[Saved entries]
━━━━━━━━━━━━━━━━━━━━

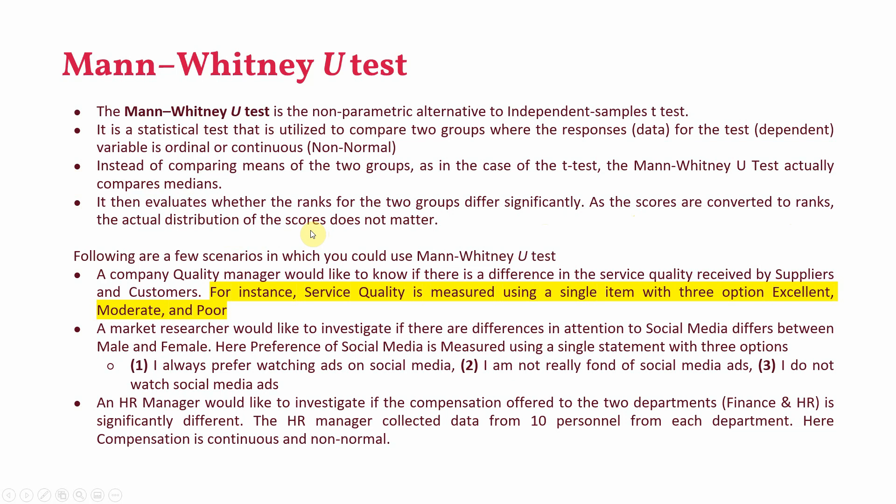Now what are the different situations in which one can use Mann-Whitney U-test? So the example for this particular video is this one. A company quality manager would like to know if there is difference in the service quality received by suppliers and customers. For instance service quality is measured using a single item with three options: excellent, moderate and poor.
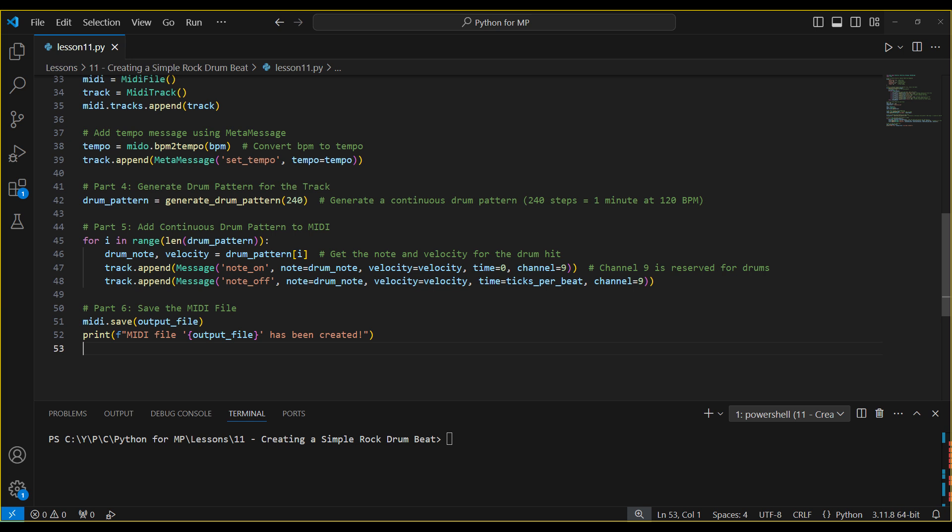By defining drum sounds, creating a simple pattern, and adding it to a MIDI file, we've created a basic but customizable drum beat. Feel free to experiment with different patterns, velocities, and drum sounds to make your track even more unique.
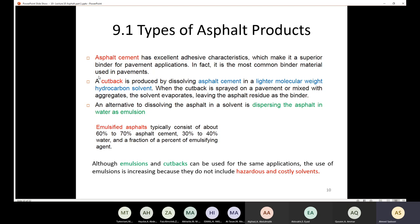The cutback is produced by dissolving the asphalt cement in a lighter molecular weight hydrocarbon solvent, such as benzene. When the cutback is sprayed on the pavement or mixed with the aggregate, the solvent evaporates, leaving the asphalt residue as the binder. But the problem is that you will have some gaps, which is not good for the pavement because the percentage of voids increases.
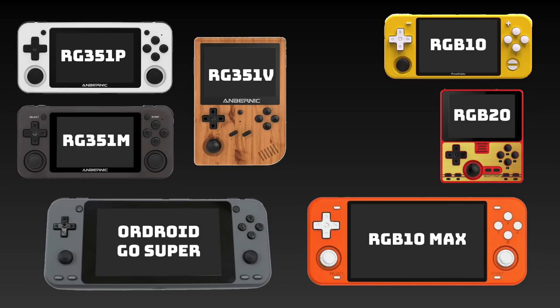Primarily we're looking at the RK3326 devices — things like the Odroid Advanced clones, the RG351 devices, RGB10, RGB20, as well as the Odroid Super and the RGB10 Max. The bottom line is if you have a device that runs Emulation Station as its front end, all this is going to apply.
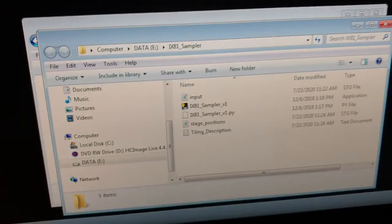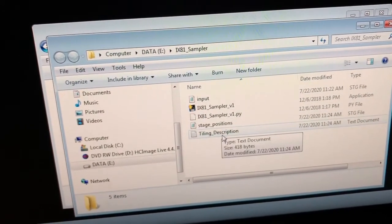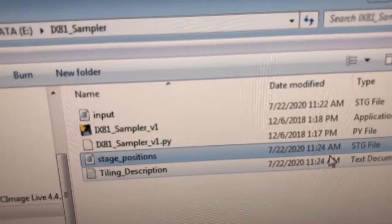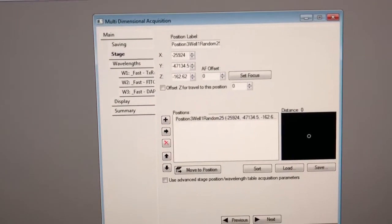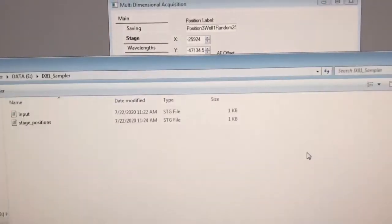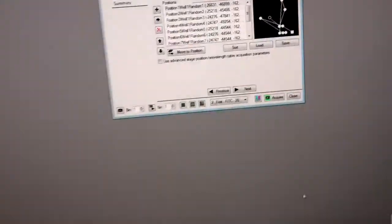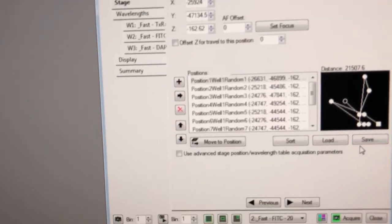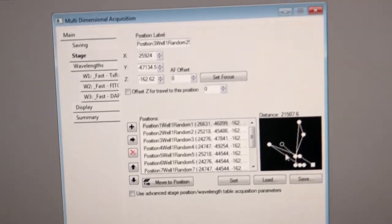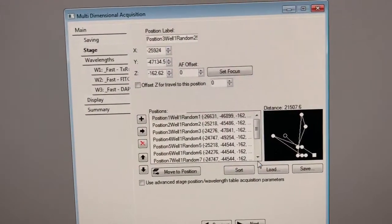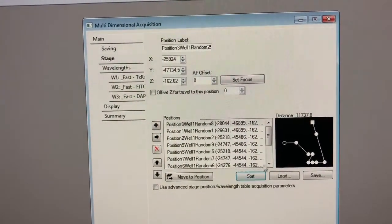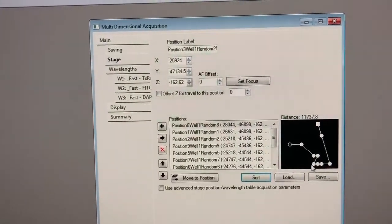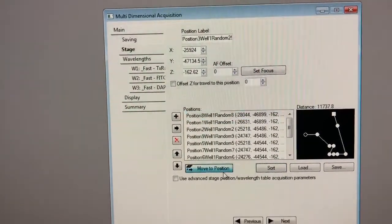Okay so it's done. What it did was in this ix81 sampler folder it created a new file called stage position. So that timestamp is the time at which I'm recording the video. So it just made that file. So now if I go back to metamorph and I go back here to stage tab I can say load stage positions open and you can see those are all random positions. Since they're random they're in a sort of non-optimal order for visiting everybody so you can sort them by pressing this button and now we will be able to go to them in an order that minimizes the travel time. So let's go to the first one say move to position.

━━━━━━━━━━━━━━━━━━━━

■ **PROBLEM STATEMENT**:
Pictures are to be dropped; the lines from the start of the entries above through the line with "By defining drum" are to be given again verbatim.

■ **TASK SOLUTION**:
Now what are the different situations in which one can use Mann-Whitney U-test? So the example for this particular video is this one. A company quality manager would like to know if there is difference in the service quality received by suppliers and customers. For instance service quality is measured using a single item with three options: excellent, moderate and poor.
By defining drum sounds, creating a simple pattern, and adding it to a MIDI file, we've created a basic but customizable drum beat. Feel free to experiment with different patterns, velocities, and drum sounds to make your track even more unique.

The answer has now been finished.